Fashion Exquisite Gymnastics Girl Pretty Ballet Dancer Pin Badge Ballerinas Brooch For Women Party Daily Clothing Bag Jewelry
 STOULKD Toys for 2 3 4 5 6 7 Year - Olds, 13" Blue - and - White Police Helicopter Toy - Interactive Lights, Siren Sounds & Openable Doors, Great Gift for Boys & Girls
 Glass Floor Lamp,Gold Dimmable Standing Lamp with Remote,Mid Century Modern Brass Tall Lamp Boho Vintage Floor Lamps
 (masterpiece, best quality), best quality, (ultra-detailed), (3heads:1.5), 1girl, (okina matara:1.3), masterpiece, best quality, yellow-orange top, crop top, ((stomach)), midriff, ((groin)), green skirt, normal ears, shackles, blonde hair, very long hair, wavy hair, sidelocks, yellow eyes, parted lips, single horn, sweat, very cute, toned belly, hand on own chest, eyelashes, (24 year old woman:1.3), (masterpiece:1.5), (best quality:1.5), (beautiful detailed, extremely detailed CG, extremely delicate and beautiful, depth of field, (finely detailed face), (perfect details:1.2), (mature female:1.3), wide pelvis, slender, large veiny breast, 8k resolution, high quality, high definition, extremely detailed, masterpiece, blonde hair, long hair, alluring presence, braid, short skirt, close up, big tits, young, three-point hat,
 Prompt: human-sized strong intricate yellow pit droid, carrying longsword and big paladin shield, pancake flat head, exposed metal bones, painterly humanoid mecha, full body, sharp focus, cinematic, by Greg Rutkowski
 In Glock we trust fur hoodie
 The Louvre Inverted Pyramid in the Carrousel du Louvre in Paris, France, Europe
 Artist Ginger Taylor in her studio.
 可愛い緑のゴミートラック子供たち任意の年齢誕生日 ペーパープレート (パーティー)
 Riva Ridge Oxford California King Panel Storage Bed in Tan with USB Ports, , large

----------------------------------------

TASK DIRECTIONS
Please go line by line through the records above, copying each one that holds the string "with".

YOUR RESPONSE
 Glass Floor Lamp,Gold Dimmable Standing Lamp with Remote,Mid Century Modern Brass Tall Lamp Boho Vintage Floor Lamps
 Riva Ridge Oxford California King Panel Storage Bed in Tan with USB Ports, , large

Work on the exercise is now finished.